In a controversy that has spanned the last 10 months, Burk and Augusta National Golf Club chairman William "Hootie" Johnson, have very publicly battled about the membership practices of the exclusive club.

Burk has argued that Augusta National has a moral obligation to look past its constitutional right to exclude women and accept a female member to their club.

Johnson has argued that as a private club, Augusta National will not fold to the pressure of an outside organization.

It has created quite the controversy in the sports world as athletes and PGA Tour players duck the controversy, but individuals like Jesse Jackson and his Rainbow/PUSH Coalition are ready to storm the gates of Augusta.

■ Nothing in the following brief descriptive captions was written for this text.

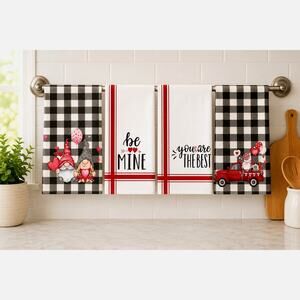 Hand Towels, 4pc, Valentine's Day I love you Kitchen Dish Towels, 18 x 29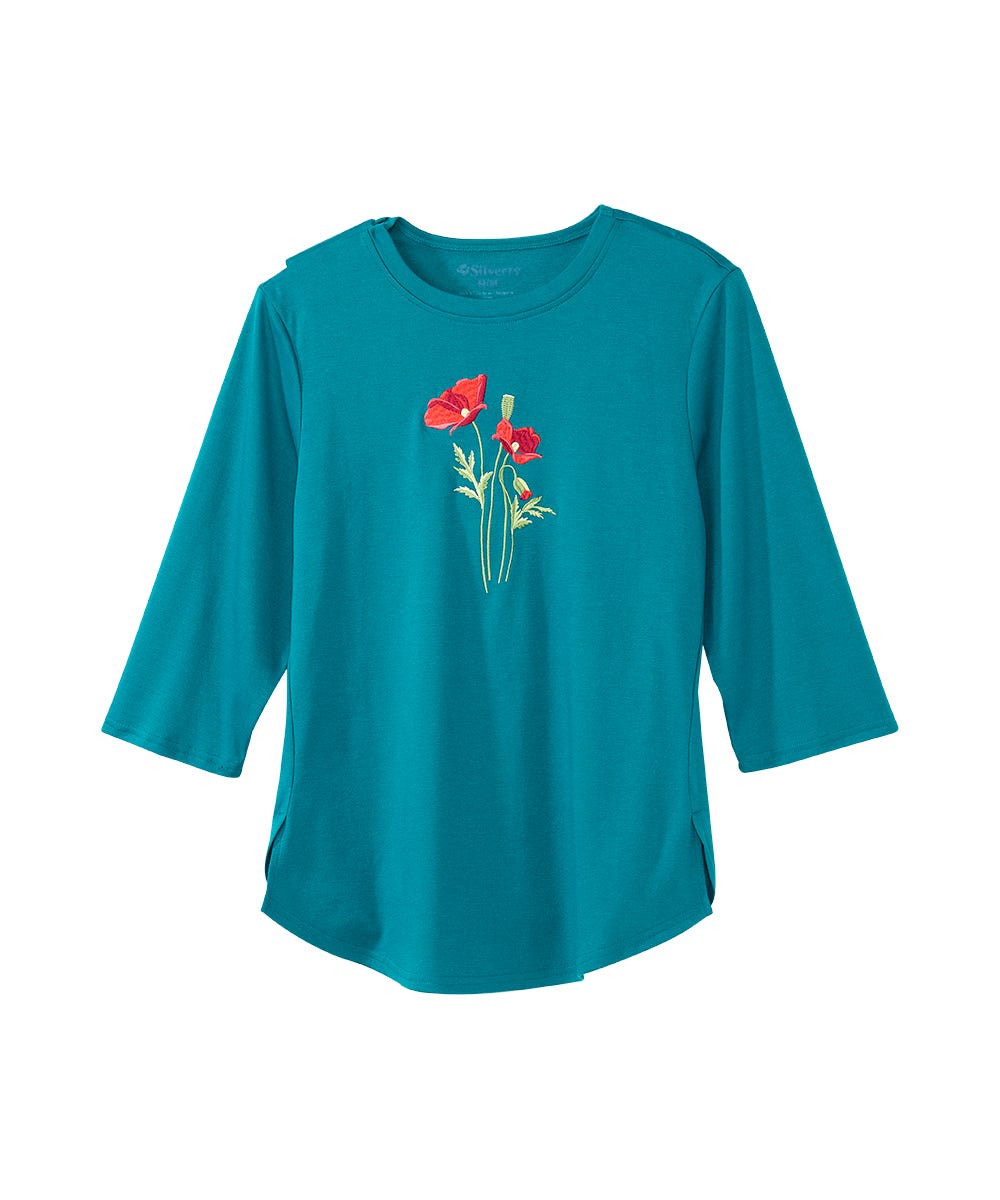 Women's Open Back Embroidered Flower Top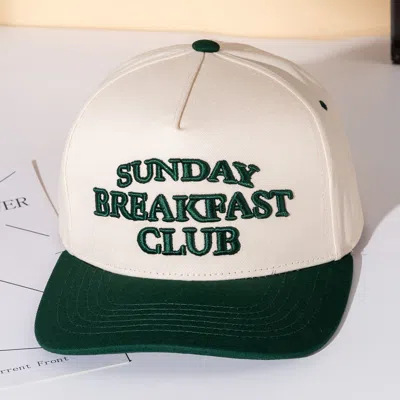Fashnzfab Sunday Breakfast Club Message Embroidered Five Panel Canvas Snapback Baseball Cap In Green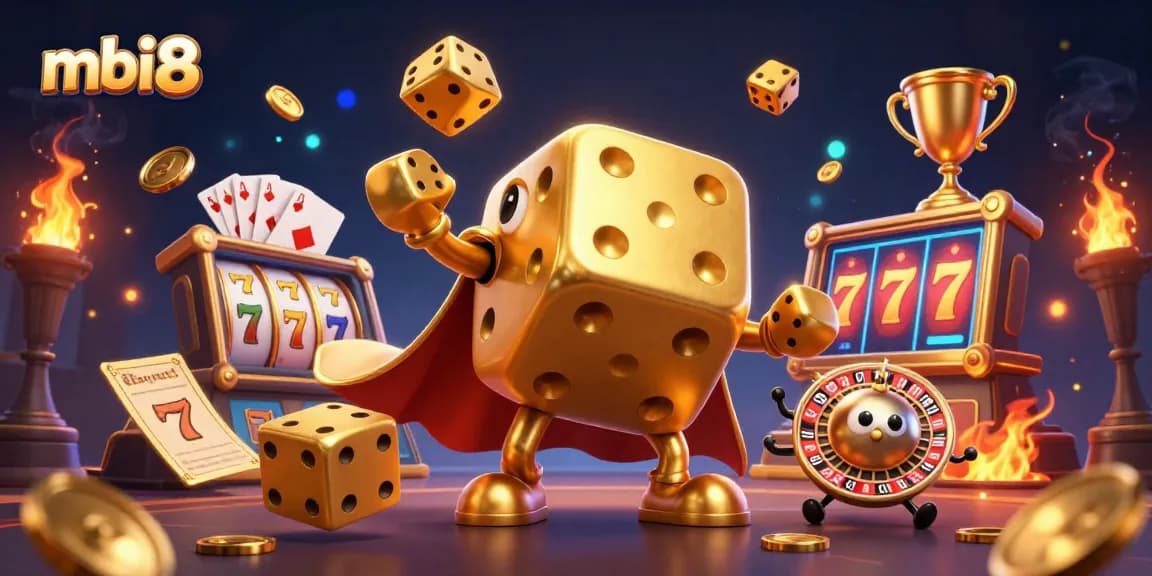 Join the excitement at mbi8 with a dynamic illustration of golden dice and slots elements.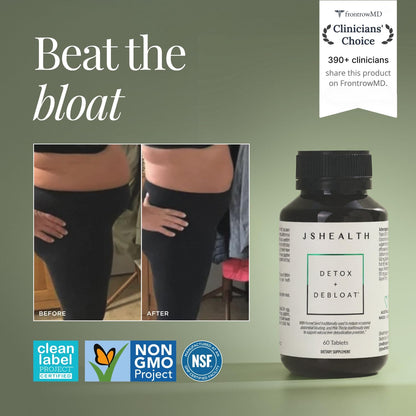 JSHealth Detox + Debloat. Bloating Relief for Women, 60 Tablets | Nutrionist-Formulated, Made with Milk Thistle, Turmeric, and Fennel. Liver Health and Gut Support.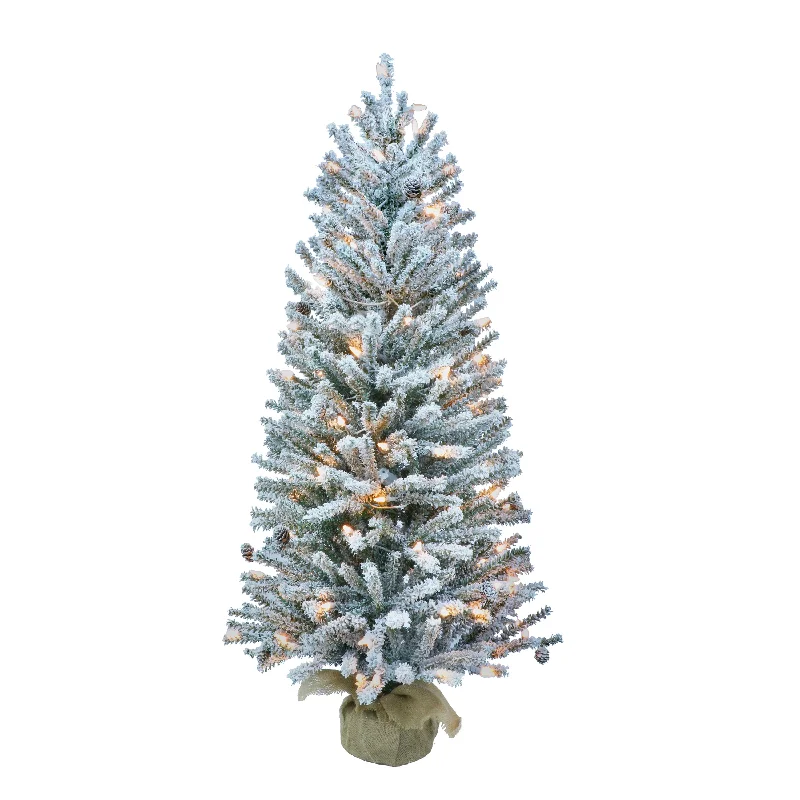 Christmas Tree Decorations Pre-Lit 3' Flocked Fir Artificial Christmas Tree with Pines Cones and 50 Lights, Green Christmas Tree Decorations Pre-Lit 3' Flocked Fir Artificial Christmas Tree with Pines Cones and 50 Lights, Green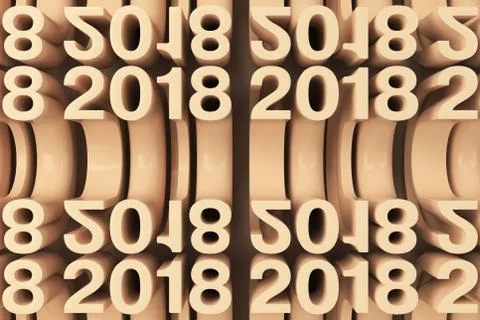 Grid of orange New 2018 Year figures Stock Illustration
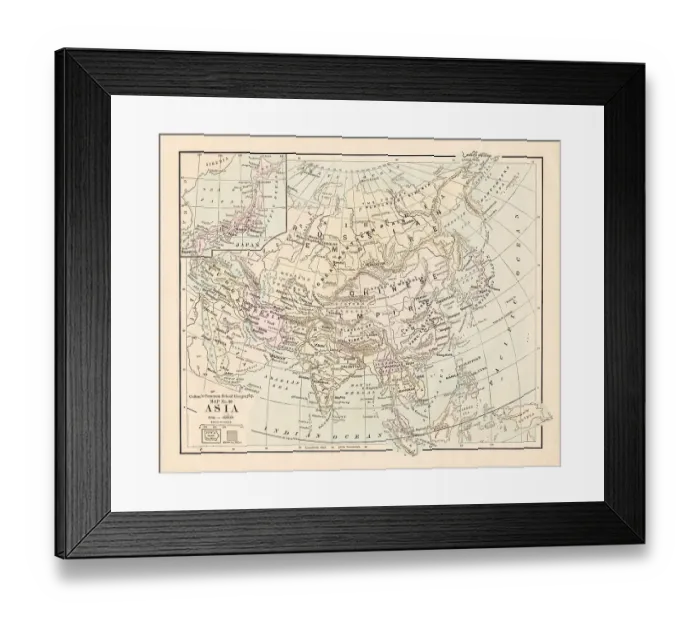 Framed Print : Asia map 1881 Framed Print : Asia map 1881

The lunacy is not exclusive to Martha Burk and her compatriots, several groups have petitioned to protest Burk in Augusta during this Master's week, including a splinter group of the KKK ready to fight for the rights of the members of Augusta to discriminate as they please.

The fact that Burk is still protesting for a woman member at Augusta during this time of war seems rather ridiculous. Is there no greater issue facing women today than getting a member into a private club that is so exclusive that even Bill Gates can't become a member?

In her quest to make a name for herself and topple Augusta National, has Burk not had time to flip on Fox News Channel or CNN and see that in Iraq, people are suffering much greater injustices than not being allowed to join a private golf club?

Burk has gone so far as to exploit the war for her own gain. When talking about CBS broadcasting the Masters commercial-free this year ÷ at the behest of Augusta National to keep its sponsors from having to deal with the pressure from Burk and the NCWO, Burk stated: "With close to a quarter-million women in the armed services defending the values of the United States, many of them in Iraq, we think it is offensive to them for CBS to showcase a venue that excludes them."

The Masters itself has been overshadowed by Burk. Sports pages across the country are more worried about the protests and the circus surrounding this issue than they are with Tiger Woods gunning for his third-straight green jacket.

The players would rather discuss the war, or the effect the three days of rain has had on the course, than discuss membership practices and Martha Burk. The players know their place in the grand scheme of things; they realize the unimportance of this battle.

The players understand that they play a game for a living and are very privileged in doing so. Do some of them think that Augusta should admit women? Of course, but given the circumstances of the world, they know when to keep their mouths shut.

Martha Burk should at least concede the fact that there are greater issues facing the world today than women not being given the famous green jacket symbolizing their membership of Augusta National Golf Club.

Yet, she has brought her tent and her own clowns to town and has turned one of the greatest sporting events in the world into a three-ring circus.

So, as I sit here sipping a cold one at Dirtbag's, cheering on fellow student and golfer Ricky Barnes, I raise my glass to Martha Burk.

Thank you for ruining the Masters, and congratulations on your ability to overlook the more important things in life and focus on the trivial.